MS patients tell MPs about life after 'liberation'
Steve Garvie does a deep knee bend, something he says would have led to him falling over prior to his treatment.
A group of patients with multiple sclerosis gathered on Parliament Hill Tuesday to testify how a controversial new treatment has changed their lives, as two Liberal MPs reiterated their call for more research.
The patients included Steve Garvie and Lianne Webb, both of whom were profiled in a recent report from CTV's W5.
Garvie was diagnosed 10 years ago with secondary progressive MS, which left him using a walker most of the time, suffering profound fatigue.
But since he's had what's been dubbed the "liberation treatment" to open up a blocked left jugular vein in this neck, his life has transformed.
He testified to the parliamentary Subcommittee on Neurological Disease Tuesday that he is now able to stand and walk on his own. He told the MPs that he was once suicidal and needed daily care to wash and cook. Now, he has regained his strength and independence.
Liane Webb, who was diagnosed with relapsing-remitting MS almost 20 years ago, has also been treated for blocked veins, a condition called CCSVI, or chronic cerebrospinal venous insufficiency.

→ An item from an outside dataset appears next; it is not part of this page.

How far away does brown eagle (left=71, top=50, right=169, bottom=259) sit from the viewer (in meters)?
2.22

Webb says she hasn't had an MS attack in the four months since her treatment, and her chronic fatigue has disappeared.
"I go golfing three times a week and I don't take the cart," she says. "I am able to go on bike rides and walks after work with my family now that I have the energy."
Dr. Sandy MacDonald, the Barrie Ont. doctor who helped diagnose and treat Garvie and Webb, told the committee that the balloon angioplasty used in the liberation treatment is a safe, relatively easy procedure for what he is finding is a common condition.
"I've done scans on almost 200, and greater than 90 per cent have venous anomalies," Dr. MacDonald told MPs.
Also Tuesday, two Liberal MPs reiterated their call for federal investment in research on CCSVI.
Liberal public health critic Dr. Carolyn Bennett and health critic Dr. Kirsty Duncan called for the Harper government to invest in MS research, diagnosis and treatment, and to immediately convene a meeting of provincial and territorial health ministers to discuss a national approach to funding MS and other diseases of the brain.
"We support the call by the MS Society of Canada and thousands of MS patients across the country who want the Harper government to provide $10 million for research into MS and its potential cause," Duncan said in a news release.
Drs. Duncan and Bennett wrote a letter to Health Minister Leona Aglukkaq on May 6 asking for support to research the "liberation treatment." Aglukkaq has yet to respond.
Dr. Duncan has also called for an emergency debate in the House of Commons on this issue, but so far those calls have been rejected.
"Liberation treatment centres are popping up daily around the world, and Canada, with one of the highest rates of MS in the world, should be on board," Duncan said. "MS patients and neurologists all agree that well-designed clinical trials must take place as soon as possible."
MS patients have organized numerous petitions calling on the government to fund liberation procedures, and hundreds of patients gathered for a rally on the Hill last month. Bennett noted that a number of MS patients are going overseas for treatment for CCSVI, at their own expense.
"What does this mean for a family who simply does not have the financial resources to do so? We believe that, just as heart patients are treated for blocked arteries, MS patients should also have access to this treatment," Bennett said in a statement.